Chapter 5
Jack stood outside the Miyamoto's house at six-thirty that evening tugging at his borrowed jacket. He had outgrown his own suit, but fortunately his little brother was taller than him. Unfortunately, he was also skinnier, so his borrowed jacket pulled at the shoulders and restricted his arm movements, which was probably just as well. He tended to flail his arms too much when he talked anyway. Jack reached for the buzzer, gripping the bag with the tin of chocolate-covered Hawaiian macadamia nuts.
“Who is it?” a female voice asked from a nearby speaker.
“Um, this is Jack Patrick.”
The gate clicked. “Please come in.”
Jack entered, closing the gate behind him. He paused before the door, looking for the doorbell, and wondering if he should knock instead.

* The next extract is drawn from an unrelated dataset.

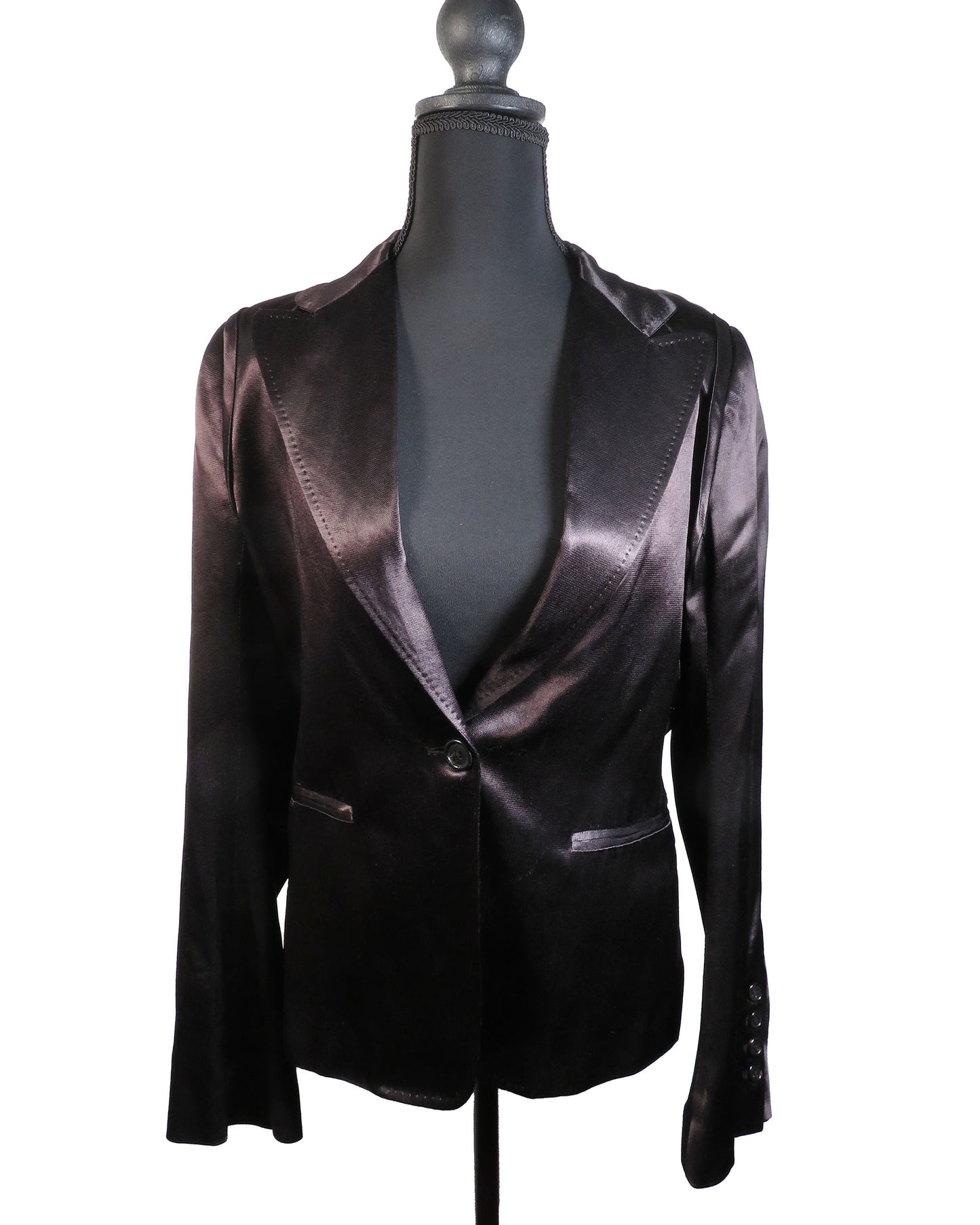 Black satin blazer on a mannequin against a white background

The door opened just as he was reaching for the button.
Miko's mother was a tall, beautiful and elegant woman. Her hair was fixed up in a traditional fashion and she wore an expensive and ornate silk kimono. She looked so much like a model that Jack nearly forgot to bow and offer the traditional gift. “I apologize for the intrusion. This is just a little something I picked up along the way,” he said in the expected self-deprecating manner, though he offered the gift with both hands as if it were something important.

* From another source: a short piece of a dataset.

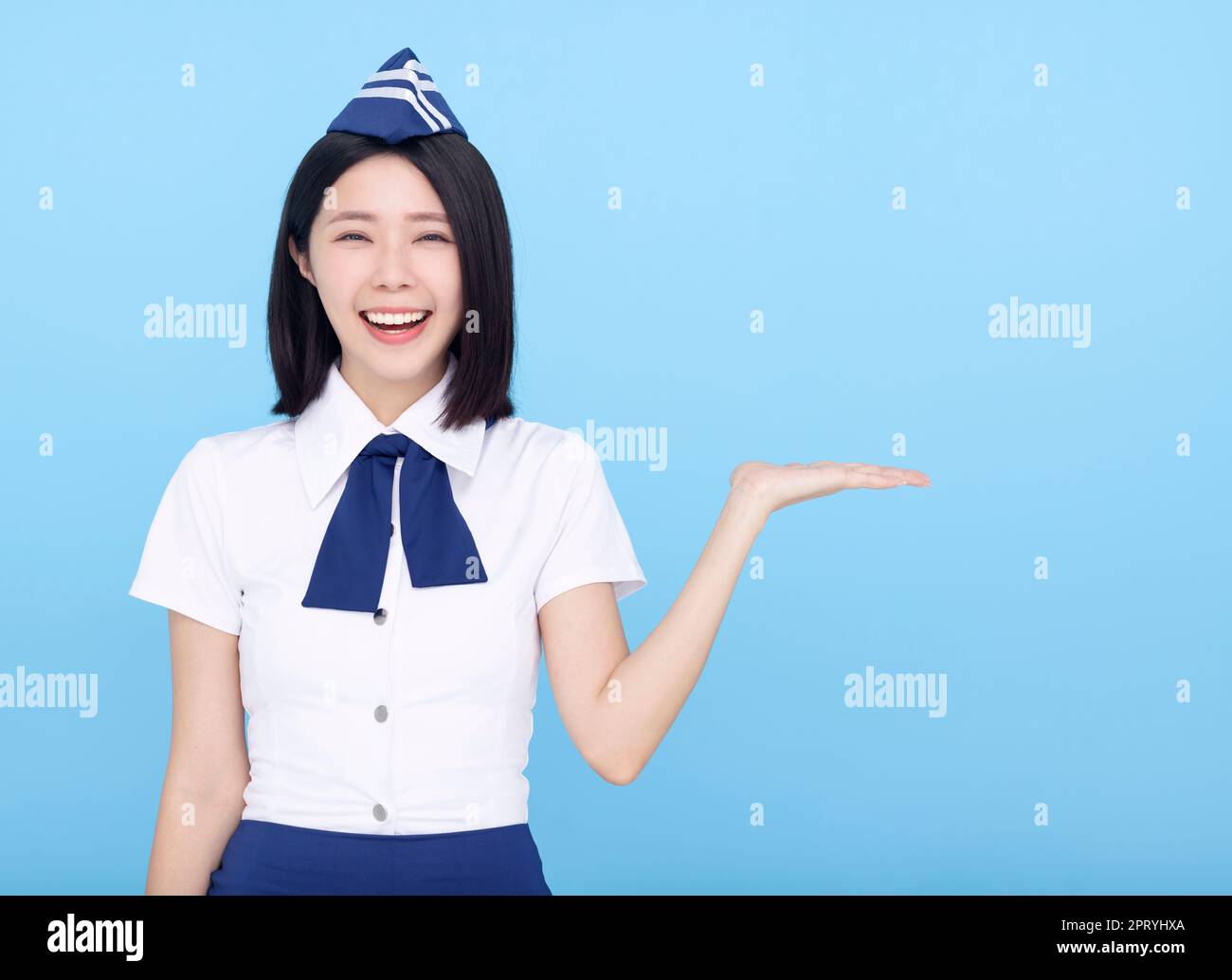 Happy Beautiful stewardess showing something on blue background Stock Photo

“Thank you. I'm Yui Miyamoto, please come in Jack-kun.”
Jack's quaking heart lifted a little as she used his first name, though he wondered, as always, if she were really being friendly or if it wasn't just because his last name was so awkward and she didn't want to be impolite by saying it wrong. He entered, taking off his shoes and turning them around to face the door. He was glad he had checked his socks for holes as he stepped into the slippers.
“Oh, macadamia nuts. Kouta-san will enjoy these. Please come this way.” Yui led him into the house. The whole house was large and elegantly furnished, reminding Jack of a high class hotel in Tokyo in which his father's division had once held a reception.
“The meal is almost ready. Would you like some tea first?” She led him to a western style sitting area where Miko and her father waited on couches.
“Yes. Thank you.” Jack followed her in and bowed, introducing himself to Miko's father and learning his name was Kouta.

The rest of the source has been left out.